++++ MATERIAL FOR THE TASK

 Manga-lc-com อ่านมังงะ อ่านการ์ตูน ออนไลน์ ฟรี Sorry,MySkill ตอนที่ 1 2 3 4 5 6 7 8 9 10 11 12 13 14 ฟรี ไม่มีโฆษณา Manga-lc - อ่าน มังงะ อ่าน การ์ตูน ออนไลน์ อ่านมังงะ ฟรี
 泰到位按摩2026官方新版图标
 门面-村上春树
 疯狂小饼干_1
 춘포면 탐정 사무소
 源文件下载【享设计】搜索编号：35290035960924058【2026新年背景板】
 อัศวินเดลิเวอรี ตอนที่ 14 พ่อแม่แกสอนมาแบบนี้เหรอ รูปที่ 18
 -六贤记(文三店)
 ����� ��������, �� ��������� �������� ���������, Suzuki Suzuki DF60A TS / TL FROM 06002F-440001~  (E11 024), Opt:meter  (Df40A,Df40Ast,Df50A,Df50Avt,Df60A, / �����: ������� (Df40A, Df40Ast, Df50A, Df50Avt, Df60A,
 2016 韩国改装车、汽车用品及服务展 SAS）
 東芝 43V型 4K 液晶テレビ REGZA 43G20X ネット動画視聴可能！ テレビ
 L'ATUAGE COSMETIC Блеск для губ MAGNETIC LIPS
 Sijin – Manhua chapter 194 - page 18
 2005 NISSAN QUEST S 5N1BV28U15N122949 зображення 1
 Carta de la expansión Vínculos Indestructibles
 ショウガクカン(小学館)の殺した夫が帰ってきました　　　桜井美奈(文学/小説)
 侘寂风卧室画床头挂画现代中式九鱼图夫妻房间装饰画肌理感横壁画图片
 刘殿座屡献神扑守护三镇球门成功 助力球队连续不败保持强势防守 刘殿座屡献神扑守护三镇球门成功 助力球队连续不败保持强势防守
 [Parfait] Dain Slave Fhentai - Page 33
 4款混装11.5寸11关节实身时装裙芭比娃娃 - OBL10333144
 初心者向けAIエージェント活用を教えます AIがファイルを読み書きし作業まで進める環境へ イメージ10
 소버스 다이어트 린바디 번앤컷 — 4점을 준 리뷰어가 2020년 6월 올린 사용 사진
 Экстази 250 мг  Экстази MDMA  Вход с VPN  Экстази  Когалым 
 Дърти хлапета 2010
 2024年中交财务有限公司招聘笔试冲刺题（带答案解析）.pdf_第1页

++++++++

- [WHAT THE TASK ASKS] Over all the entries, say how many lines hold the string "ตอนท". The reply is the number alone.

- [RESPONSE FOR THIS EXERCISE] 2